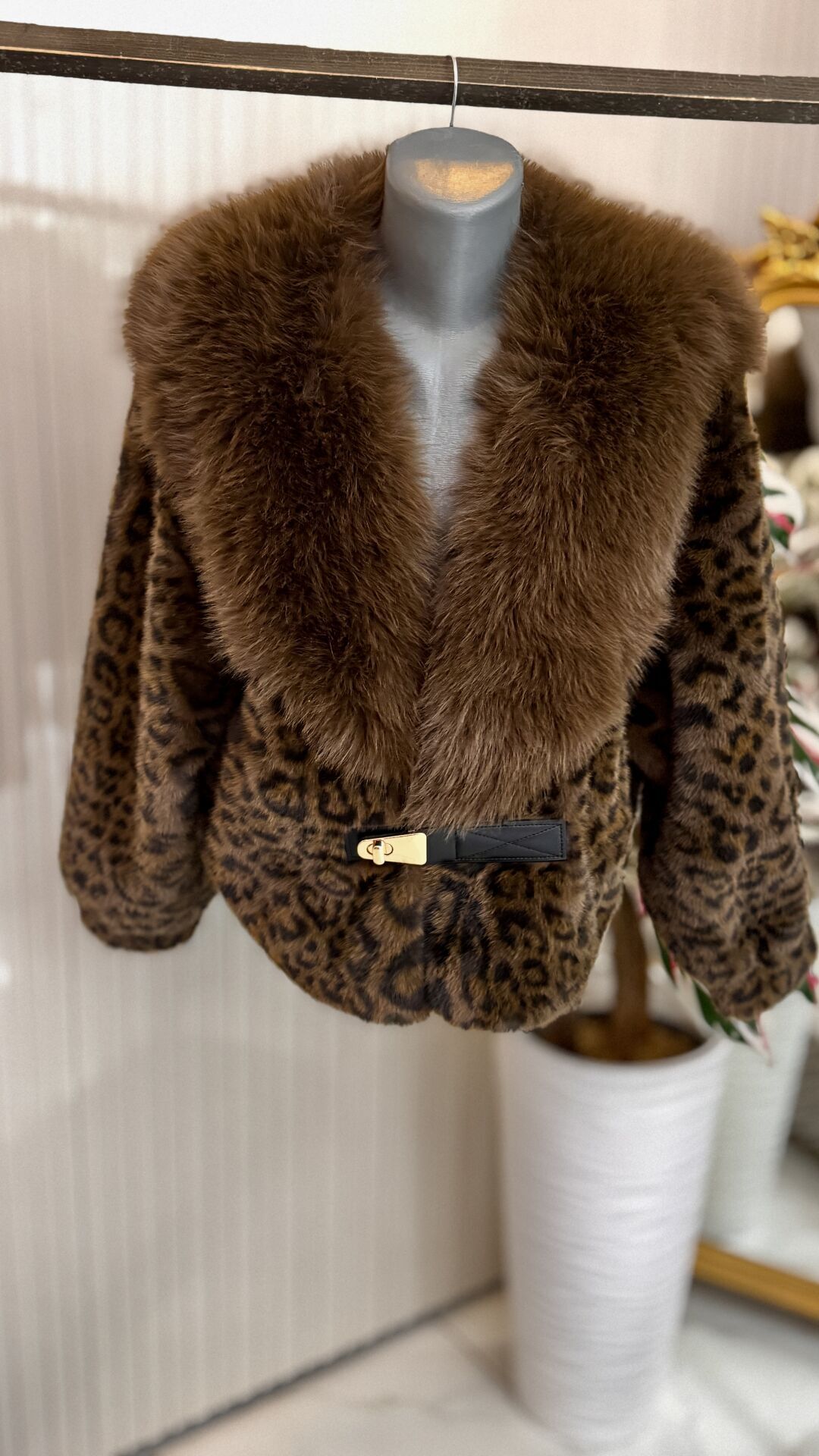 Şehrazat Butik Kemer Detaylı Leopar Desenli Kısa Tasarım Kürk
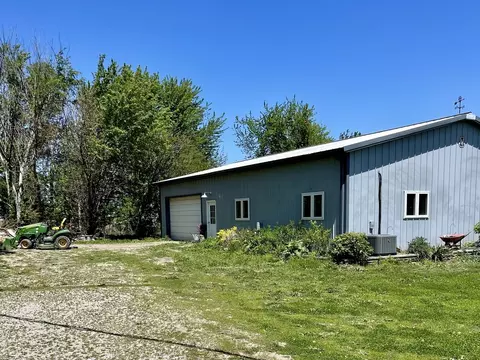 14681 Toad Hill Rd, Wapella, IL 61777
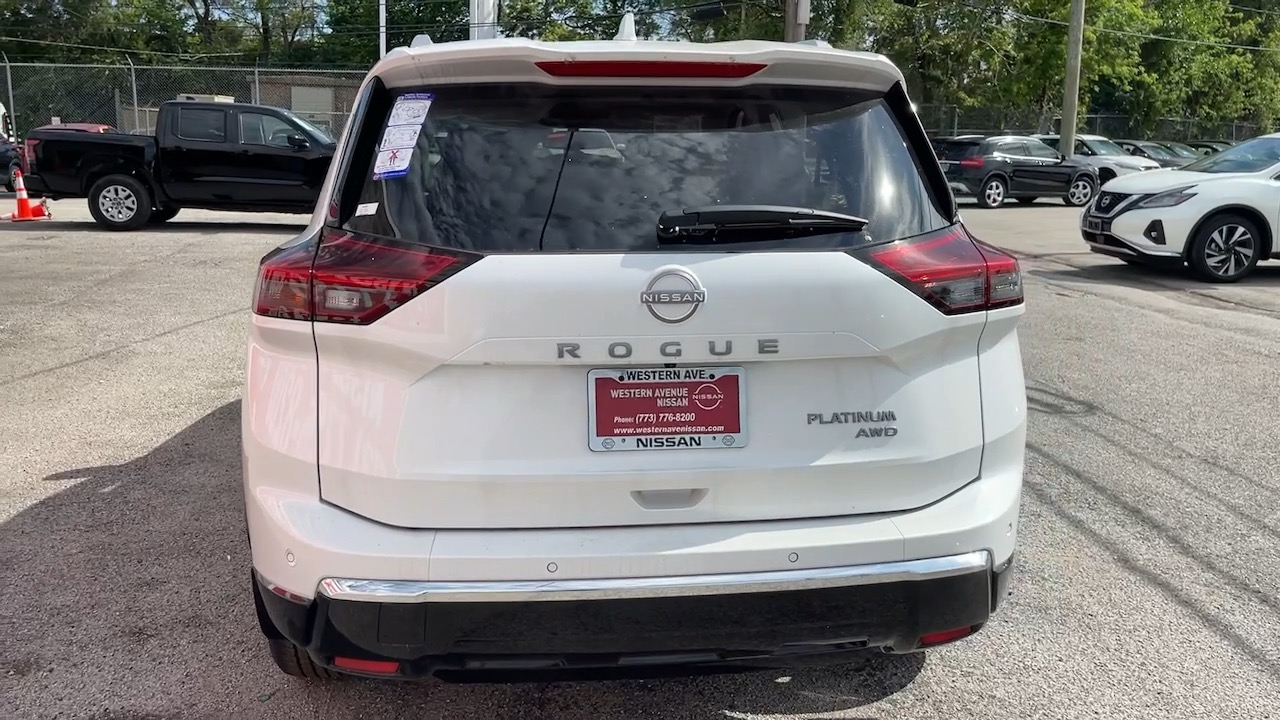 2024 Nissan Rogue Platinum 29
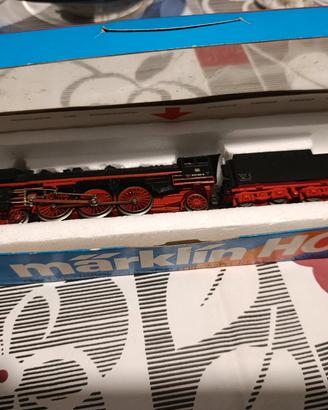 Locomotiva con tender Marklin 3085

· · · ·

Reproduce all the data as it stands. The pictures are not part of the copy.

 Şehrazat Butik Kemer Detaylı Leopar Desenli Kısa Tasarım Kürk
 14681 Toad Hill Rd, Wapella, IL 61777
 2024 Nissan Rogue Platinum 29
 Locomotiva con tender Marklin 3085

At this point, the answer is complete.